- **Exercise requirements**: Please write out only the lines from the line with "2 filtri a carbone" to the line with "CAZADORA VAQUERA REGULAR", inclusive, exactly as they stand below, without the pictures.

- **Working data**:
● ● ●
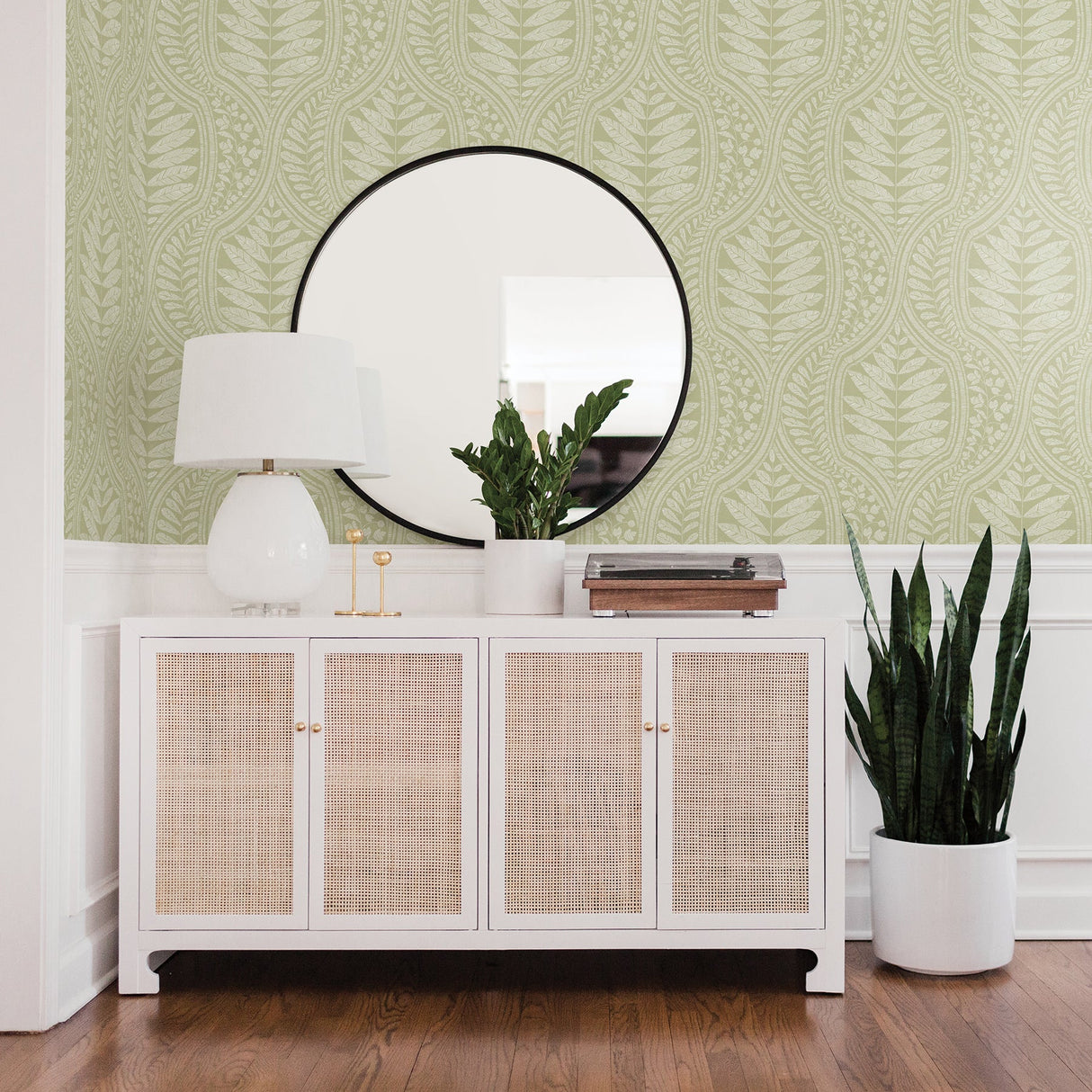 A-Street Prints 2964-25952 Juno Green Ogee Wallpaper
● ● ●
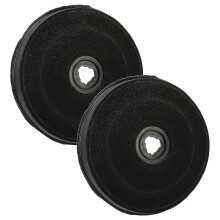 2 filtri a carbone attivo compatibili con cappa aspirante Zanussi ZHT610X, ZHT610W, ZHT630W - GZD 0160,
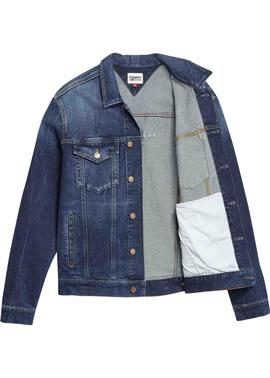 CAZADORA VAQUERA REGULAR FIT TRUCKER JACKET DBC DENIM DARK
● ● ●
- **Output**:
 2 filtri a carbone attivo compatibili con cappa aspirante Zanussi ZHT610X, ZHT610W, ZHT630W - GZD 0160,
 CAZADORA VAQUERA REGULAR FIT TRUCKER JACKET DBC DENIM DARK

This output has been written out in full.